Among the various gift-
giving holidays, Christmas is by far the most lucrative, worth 700 billion yen, followed by Valentine’s Day at 135 billion yen and Mother’s Day at 130 billion yen, according to estimates by his association.

For Grandchildren’s Day, the prospects are as yet unclear. “This is the first time, and it’s hard to estimate. But I would say it will become a market worth 10 billion yen in three to five years,” Kase said.

Of the some 800 specially recognized days in Japan each year, some 120 have been registered with the association since its establishment in April 1994. Grandchildren’s Day, registered in late August, has been attracting substantial attention, Kase claimed.

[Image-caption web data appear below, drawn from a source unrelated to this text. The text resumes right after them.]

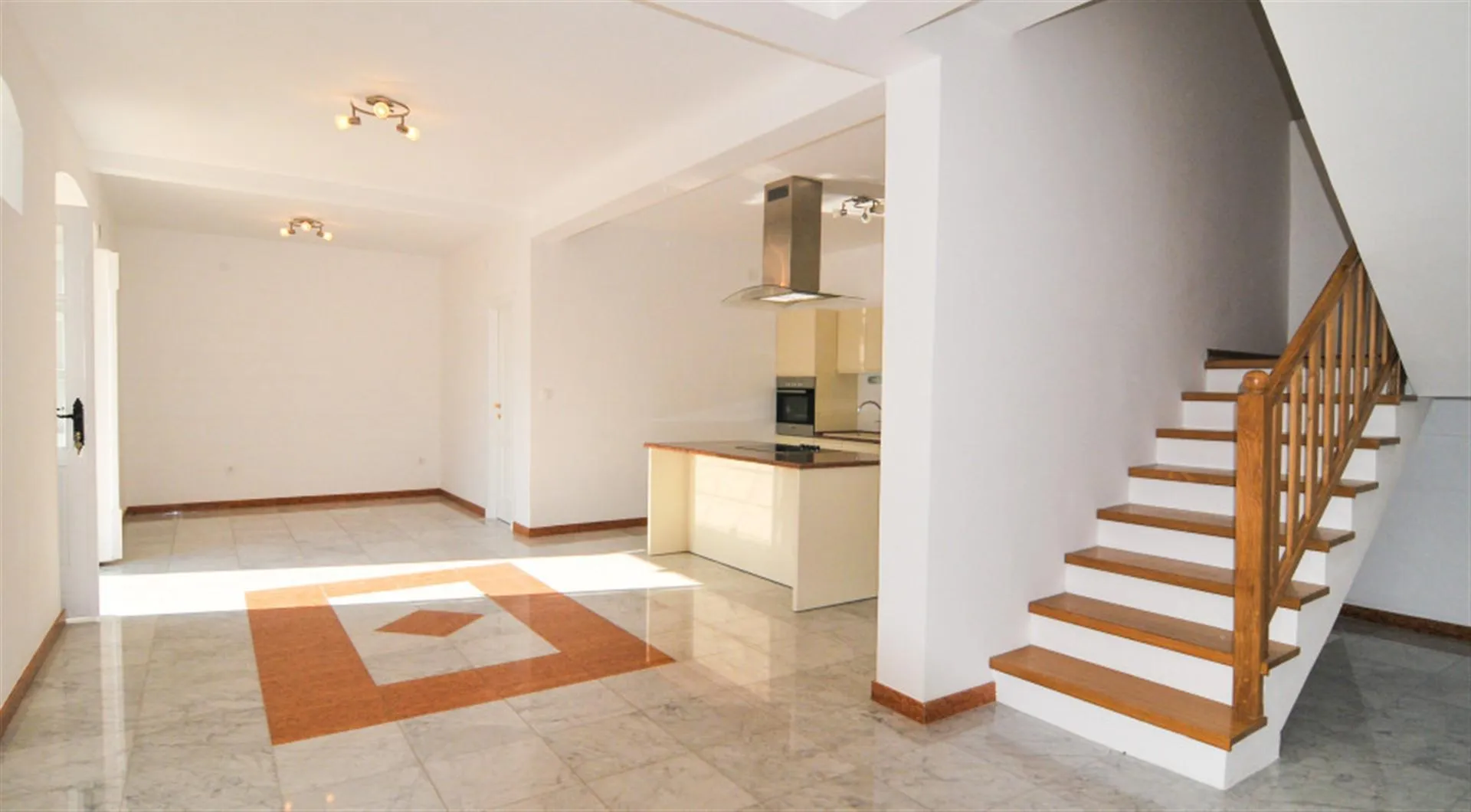 Spacious room with decorative floor tiles, a wooden staircase on the right, and an open kitchen area visible in the background.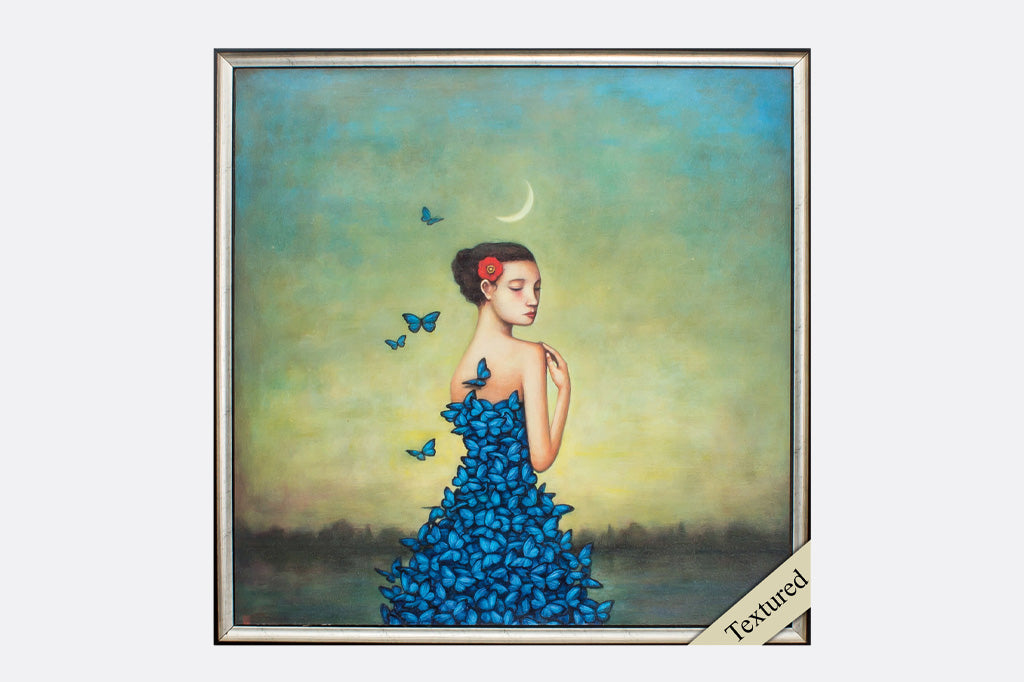 framed art print of woman wearing blue dress made of butterflies standing under crescent moon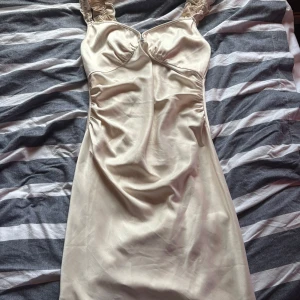 Champagnefärgad klänning från ADOORE - klänning från ADOORE med volangdetaljer på axelbanden. Klänningen har en figurnära passform och är tillverkad i ett glansigt material som ger en lyxig känsla. Perfekt för speciella tillfällen.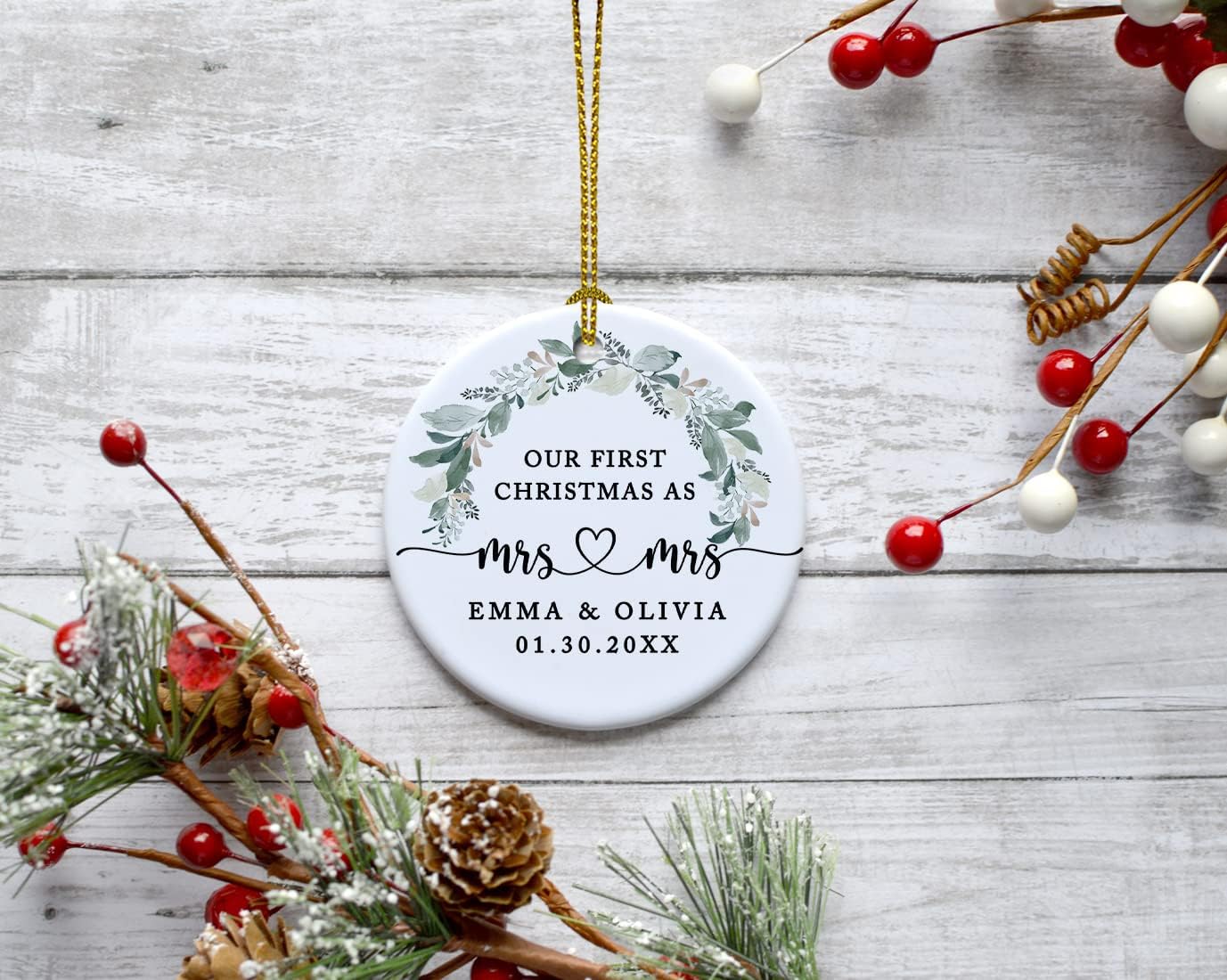 Andaz Press Personalized Our First Christmas As Mrs. & Mrs. Christmas Ornaments 2025 Foliage Wreath 2.8" Round Porcelain Ceramic Lesbian Christmas Ornament Married Couple Gay Women Newlyweds 1-Pack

“I’ve been receiving a number of inquiries, not only from the media but from various business concerns ranging from toy makers and family restaurants to child-seat makers,” he said. “If they promote it cleverly, Grandchildren’s Day will penetrate (society) and win people’s recognition.”

Needless to say, business concerns promoting this newly created holiday seem to be eyeing the purses of the affluent elderly. Of the 1.2 quadrillion yen in assets held by Japanese individuals, some 600 trillion yen is said to belong to those aged 60 or over.

That aspect of the holiday, however, is something department stores want to keep veiled from customers.

“We’ve been having some negative responses from our customers,” said Takeshi Inoue, Isetan Co.’s general manager for public relations who also heads the JDSA’s committee for promoting Grandchildren’s Day.

“Some complain that we should be more considerate of the feelings of elderly people who do not have grandchildren, or those who are not affluent,” he said. “We cannot afford to ignore those voices.”

Thus, sales promotions have been mostly subdued, marking a striking contrast with those for Christmas and Valentine’s Day.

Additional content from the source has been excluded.